The lawmaker, who once traced her interest in education funding back to her teen years in Battle Ground, now leads her caucus’s revenue push as vice chair of the Senate Ways and Means Committee for Finance.
With the state facing a multi-billion-dollar budget gap and years of tax reform deferred, Frame has become the go-to figure for progressive revenue efforts in Olympia.
Her office describes her as introducing structural change to an “upside-down” tax code and advocating for the wealthiest individuals and largest corporations to contribute more.
Among the ideas floated under her leadership is an income tax on high earners—potentially a 9.9 percent levy on incomes over one million dollars—and a “wealth tax” targeting assets such as stocks and bonds held by individuals with more than fifty million dollars in such assets.
Her wealth-tax bill cleared the Senate 26–21 vote earlier this year but was not taken up in the House.
During a recent policy summit, Frame cautioned that passing landmark tax legislation is only step one.
She told attendees that any new tax would need to be “defended in court” and likely at the ballot.
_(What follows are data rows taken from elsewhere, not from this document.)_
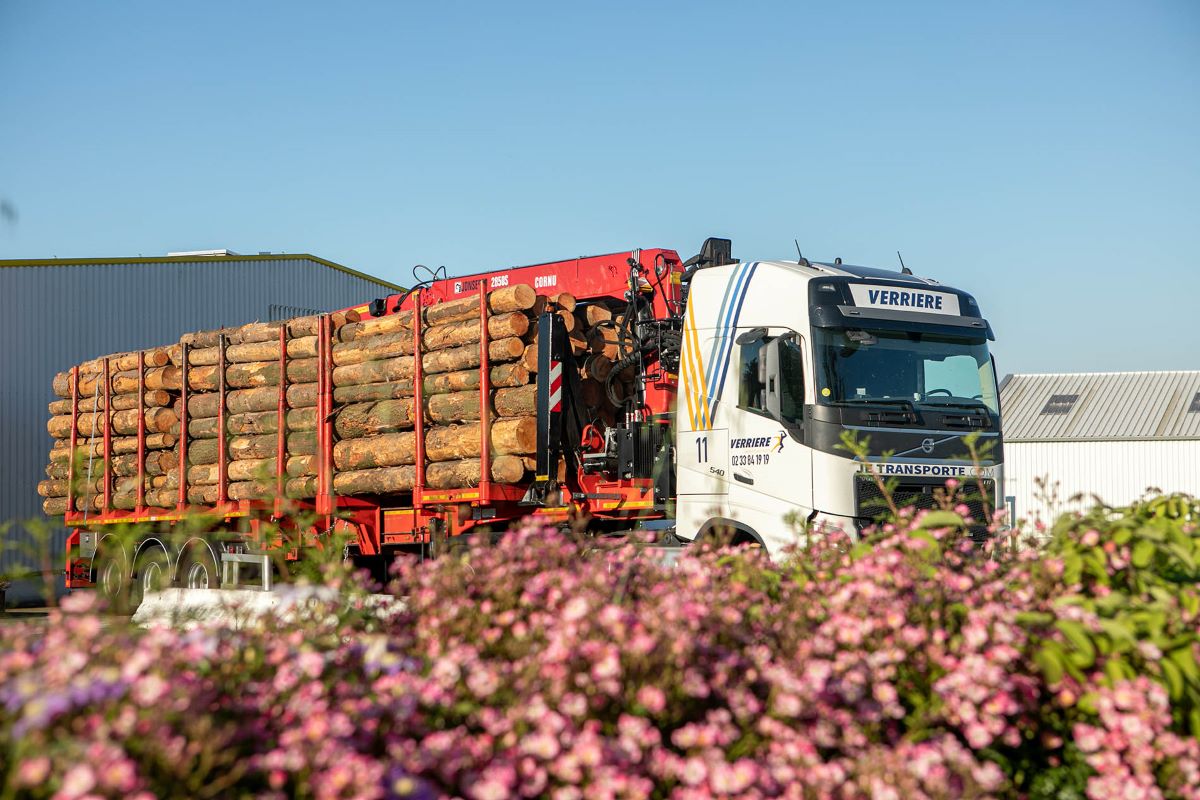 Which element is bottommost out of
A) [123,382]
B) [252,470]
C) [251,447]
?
[252,470]

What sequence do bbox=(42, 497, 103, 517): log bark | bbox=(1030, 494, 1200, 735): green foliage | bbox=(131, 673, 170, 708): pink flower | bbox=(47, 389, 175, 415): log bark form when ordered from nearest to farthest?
1. bbox=(131, 673, 170, 708): pink flower
2. bbox=(1030, 494, 1200, 735): green foliage
3. bbox=(47, 389, 175, 415): log bark
4. bbox=(42, 497, 103, 517): log bark

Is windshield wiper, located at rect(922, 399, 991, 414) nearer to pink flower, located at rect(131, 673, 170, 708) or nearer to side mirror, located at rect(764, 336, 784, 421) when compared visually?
side mirror, located at rect(764, 336, 784, 421)

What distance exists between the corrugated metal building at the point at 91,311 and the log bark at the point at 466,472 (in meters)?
12.7

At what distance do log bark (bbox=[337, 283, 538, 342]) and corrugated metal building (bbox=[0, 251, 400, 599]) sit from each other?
37.9 feet

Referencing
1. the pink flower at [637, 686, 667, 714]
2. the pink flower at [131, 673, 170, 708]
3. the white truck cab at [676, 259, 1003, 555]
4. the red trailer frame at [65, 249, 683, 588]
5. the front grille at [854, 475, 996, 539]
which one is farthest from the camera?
the red trailer frame at [65, 249, 683, 588]

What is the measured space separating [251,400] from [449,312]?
3598mm

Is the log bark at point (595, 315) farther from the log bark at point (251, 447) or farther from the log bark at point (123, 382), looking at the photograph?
the log bark at point (123, 382)

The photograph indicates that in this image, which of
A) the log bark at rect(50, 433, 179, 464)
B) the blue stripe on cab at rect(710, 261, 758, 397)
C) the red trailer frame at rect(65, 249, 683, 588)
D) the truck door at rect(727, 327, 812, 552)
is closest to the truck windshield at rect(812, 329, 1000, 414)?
the truck door at rect(727, 327, 812, 552)

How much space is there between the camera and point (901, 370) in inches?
374

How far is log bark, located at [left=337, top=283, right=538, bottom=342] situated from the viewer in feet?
35.7

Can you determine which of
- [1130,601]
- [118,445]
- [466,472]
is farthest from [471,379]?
[1130,601]

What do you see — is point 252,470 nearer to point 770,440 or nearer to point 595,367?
point 595,367

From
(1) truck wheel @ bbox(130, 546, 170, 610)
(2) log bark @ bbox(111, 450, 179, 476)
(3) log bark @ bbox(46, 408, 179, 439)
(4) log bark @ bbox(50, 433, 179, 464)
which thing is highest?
(3) log bark @ bbox(46, 408, 179, 439)

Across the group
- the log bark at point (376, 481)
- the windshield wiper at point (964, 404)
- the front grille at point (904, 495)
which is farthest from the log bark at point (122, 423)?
the windshield wiper at point (964, 404) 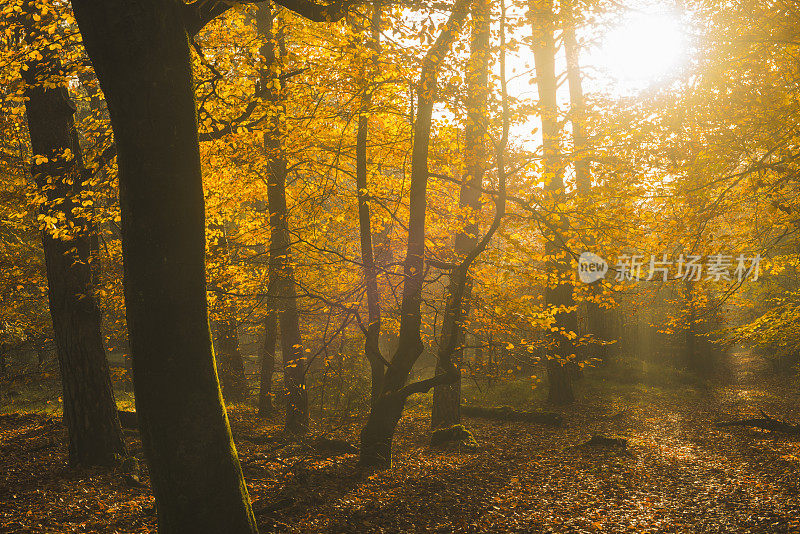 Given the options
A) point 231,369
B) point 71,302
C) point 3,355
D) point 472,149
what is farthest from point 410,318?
point 3,355

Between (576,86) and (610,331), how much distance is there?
31.2 ft

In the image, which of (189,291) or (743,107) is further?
(743,107)

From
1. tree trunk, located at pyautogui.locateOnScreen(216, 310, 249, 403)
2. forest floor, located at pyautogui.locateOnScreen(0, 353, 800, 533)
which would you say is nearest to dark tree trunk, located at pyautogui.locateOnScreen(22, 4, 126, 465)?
forest floor, located at pyautogui.locateOnScreen(0, 353, 800, 533)

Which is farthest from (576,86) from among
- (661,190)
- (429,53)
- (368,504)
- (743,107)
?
(368,504)

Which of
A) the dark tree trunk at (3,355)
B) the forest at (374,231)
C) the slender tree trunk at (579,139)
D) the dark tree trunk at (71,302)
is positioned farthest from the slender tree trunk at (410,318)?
the dark tree trunk at (3,355)

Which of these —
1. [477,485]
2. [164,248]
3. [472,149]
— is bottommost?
[477,485]

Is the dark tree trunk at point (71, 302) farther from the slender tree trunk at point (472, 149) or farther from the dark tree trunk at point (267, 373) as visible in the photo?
the dark tree trunk at point (267, 373)

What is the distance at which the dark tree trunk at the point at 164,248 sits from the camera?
3.70 m

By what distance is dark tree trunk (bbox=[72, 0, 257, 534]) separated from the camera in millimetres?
3697

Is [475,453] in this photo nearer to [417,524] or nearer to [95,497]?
[417,524]

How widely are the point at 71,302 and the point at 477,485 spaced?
6.97 m

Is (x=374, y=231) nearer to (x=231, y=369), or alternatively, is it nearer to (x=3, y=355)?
(x=231, y=369)

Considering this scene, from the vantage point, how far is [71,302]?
7777mm

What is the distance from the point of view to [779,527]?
6164mm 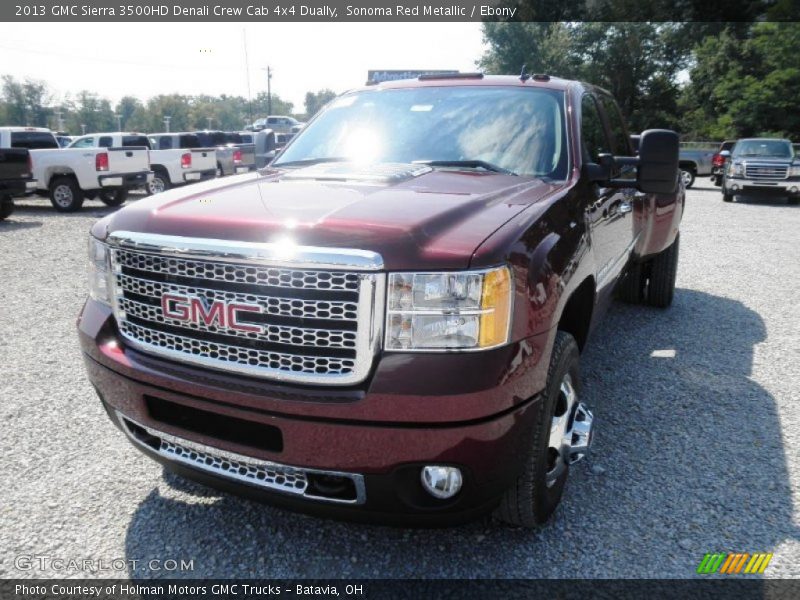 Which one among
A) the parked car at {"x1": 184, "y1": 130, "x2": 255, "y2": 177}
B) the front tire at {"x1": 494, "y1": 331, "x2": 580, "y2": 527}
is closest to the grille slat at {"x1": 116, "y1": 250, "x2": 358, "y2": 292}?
the front tire at {"x1": 494, "y1": 331, "x2": 580, "y2": 527}

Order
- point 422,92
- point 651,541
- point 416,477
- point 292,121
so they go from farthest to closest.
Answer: point 292,121, point 422,92, point 651,541, point 416,477

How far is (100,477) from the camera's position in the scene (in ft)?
9.75

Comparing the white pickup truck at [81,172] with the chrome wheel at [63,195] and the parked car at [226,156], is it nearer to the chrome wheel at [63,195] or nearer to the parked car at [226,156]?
the chrome wheel at [63,195]

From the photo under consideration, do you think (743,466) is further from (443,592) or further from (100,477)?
(100,477)

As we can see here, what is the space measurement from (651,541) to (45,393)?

Advocates preparing for a campaign must be ready “to win three times over,” she said.
Despite the ambition, the path remains thorny.
Washington is one of nine states without an individual wage tax, and voters have repeatedly rejected ballot measures imposing new taxes.
Gubernatorial resistance and business-community concerns also loom.
Frame’s approach reflects a strategic pivot—revenue-first, not cuts-first—while acknowledging that reforms must be legally durable and politically viable.
For Frame and her allies, the objective is clear: ensure Washington’s tax code becomes more equitable, funding long-sought education, housing and human-services priorities without overburdening low- and middle-income households.
This agenda sets the stage for a crucial 2026 session in Olympia—a showdown that could redefine tax policy in the Evergreen State.